EXERCISE OBJECTIVE:
Once the line containing "Alberta, Canada Framed" is found in the records below, return it and each following line exactly, up to and including the line containing "Games Download Free", and nothing else.

(MATERIAL PROVIDED)

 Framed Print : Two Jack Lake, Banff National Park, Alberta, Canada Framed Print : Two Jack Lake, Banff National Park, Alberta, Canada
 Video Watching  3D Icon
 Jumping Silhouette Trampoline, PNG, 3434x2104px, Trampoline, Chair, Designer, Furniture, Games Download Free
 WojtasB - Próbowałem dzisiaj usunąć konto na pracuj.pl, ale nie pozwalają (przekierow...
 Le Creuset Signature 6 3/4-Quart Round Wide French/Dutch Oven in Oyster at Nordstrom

(End MATERIAL PROVIDED)
(MATERIAL PROVIDED)

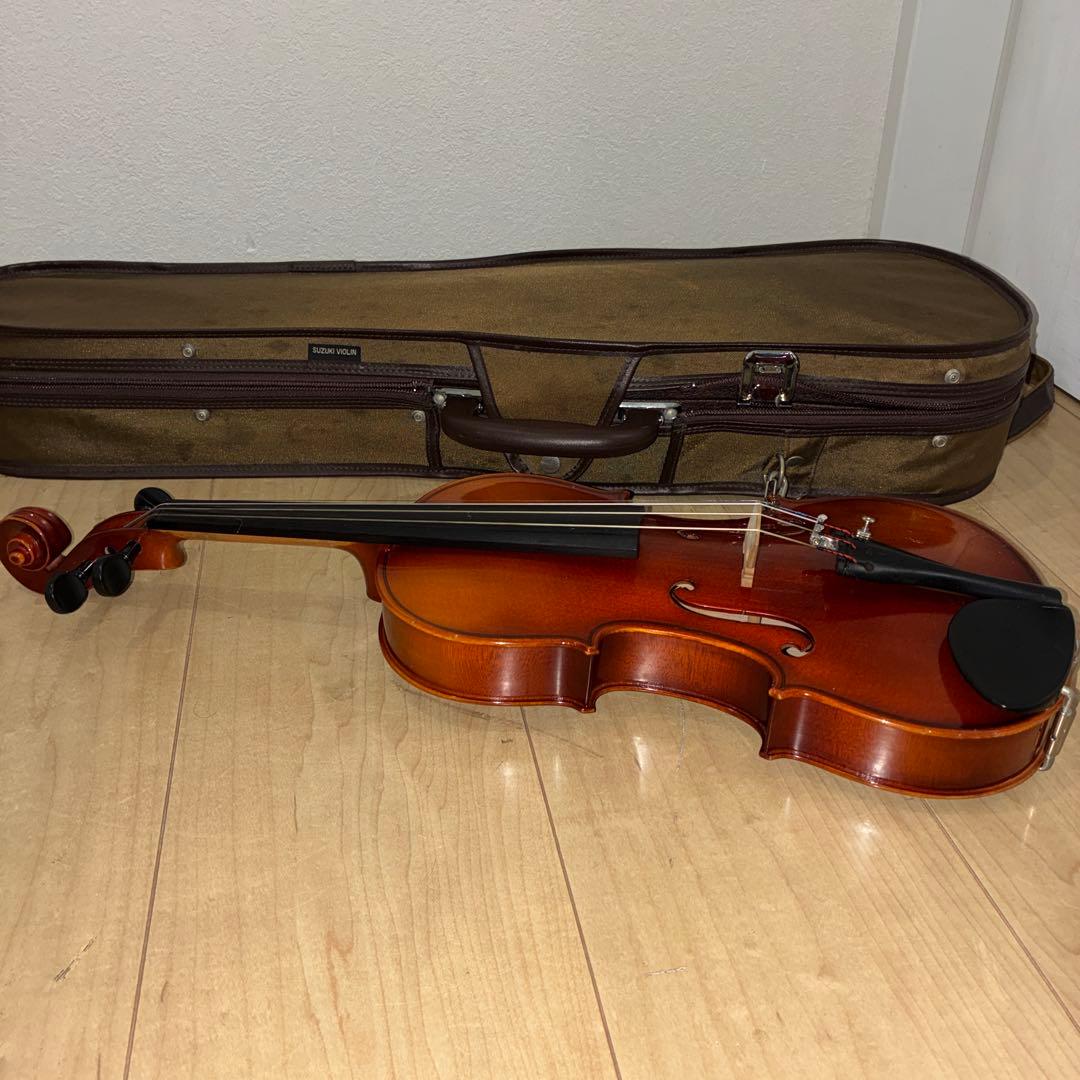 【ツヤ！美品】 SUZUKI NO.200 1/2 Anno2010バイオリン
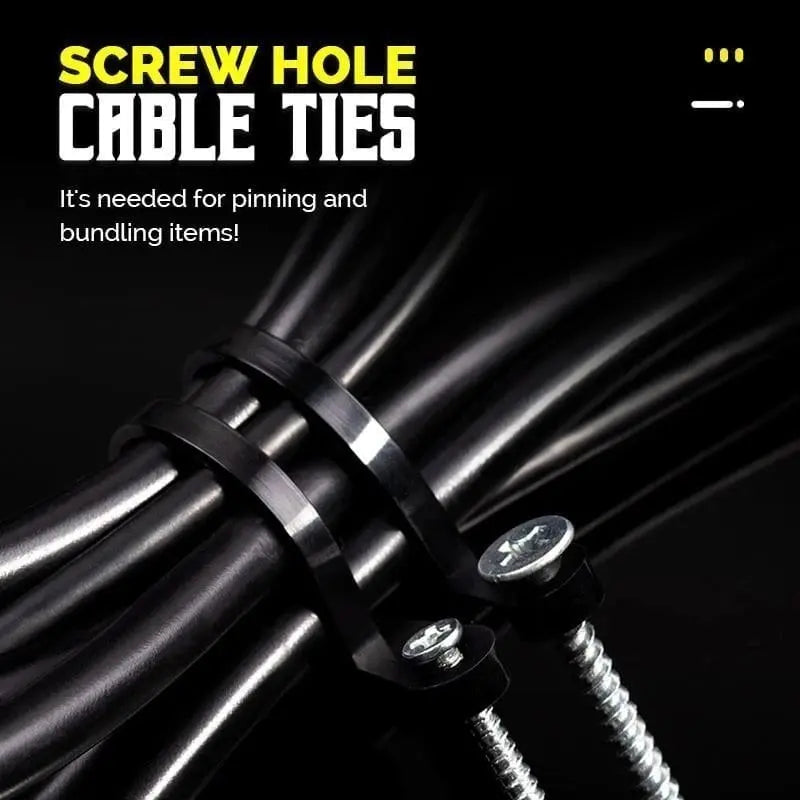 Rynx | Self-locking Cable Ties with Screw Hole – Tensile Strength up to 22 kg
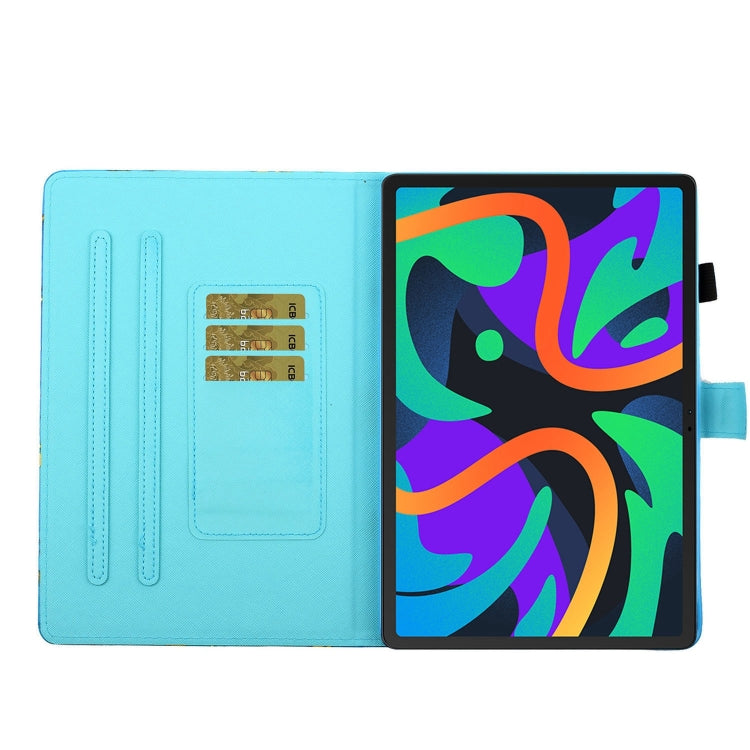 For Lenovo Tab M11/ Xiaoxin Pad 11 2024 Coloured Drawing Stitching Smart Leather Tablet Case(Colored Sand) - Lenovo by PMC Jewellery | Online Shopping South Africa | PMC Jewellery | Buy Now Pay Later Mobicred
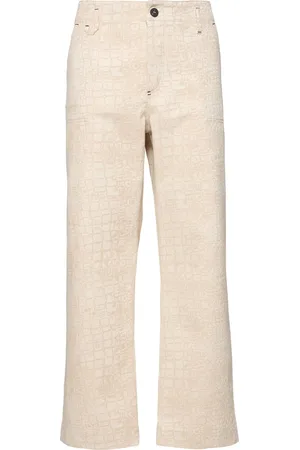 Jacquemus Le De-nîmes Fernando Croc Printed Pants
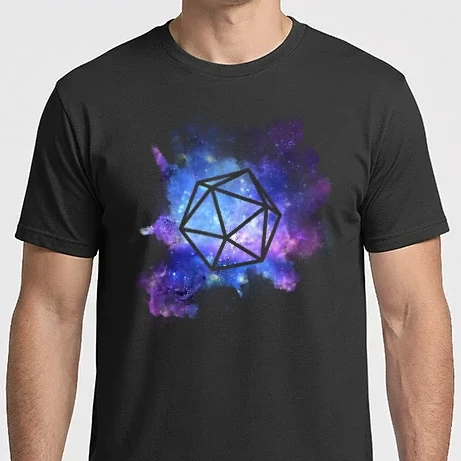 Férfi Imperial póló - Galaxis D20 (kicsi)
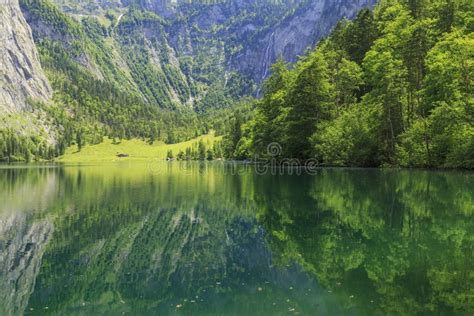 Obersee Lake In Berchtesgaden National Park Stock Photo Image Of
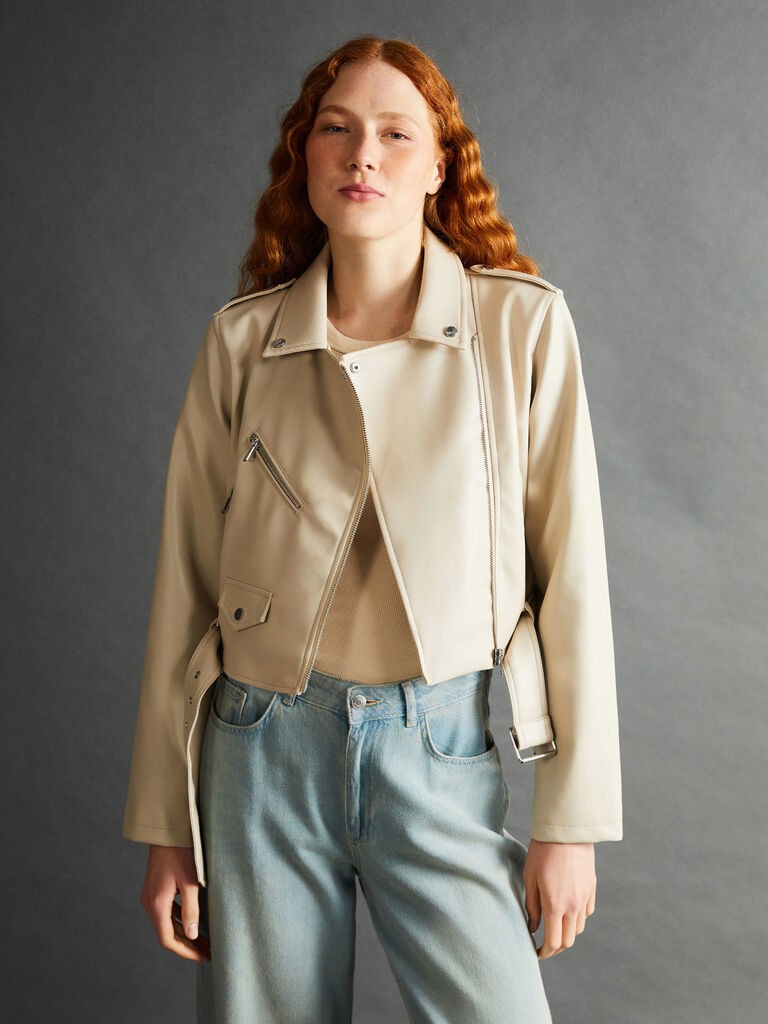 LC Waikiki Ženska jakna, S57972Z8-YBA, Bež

(End MATERIAL PROVIDED)
(MATERIAL PROVIDED)

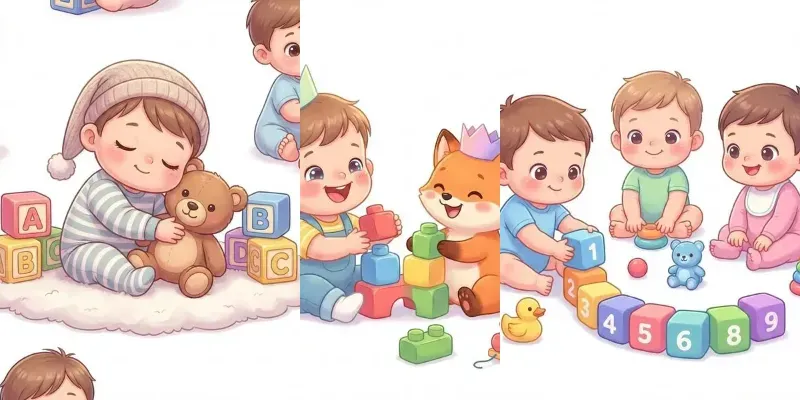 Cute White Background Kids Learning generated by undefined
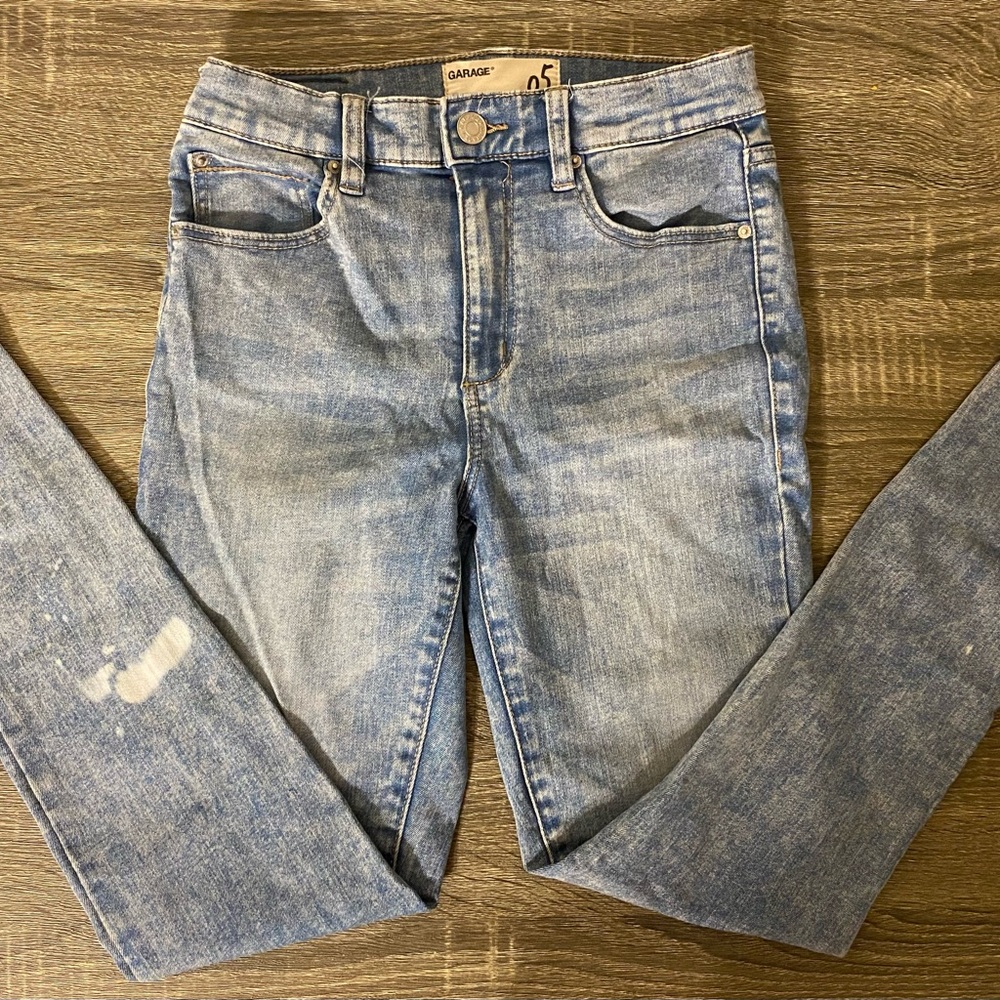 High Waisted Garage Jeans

(End MATERIAL PROVIDED)

SOLUTION FOR THIS TASK:
 Framed Print : Two Jack Lake, Banff National Park, Alberta, Canada Framed Print : Two Jack Lake, Banff National Park, Alberta, Canada
 Video Watching  3D Icon
 Jumping Silhouette Trampoline, PNG, 3434x2104px, Trampoline, Chair, Designer, Furniture, Games Download Free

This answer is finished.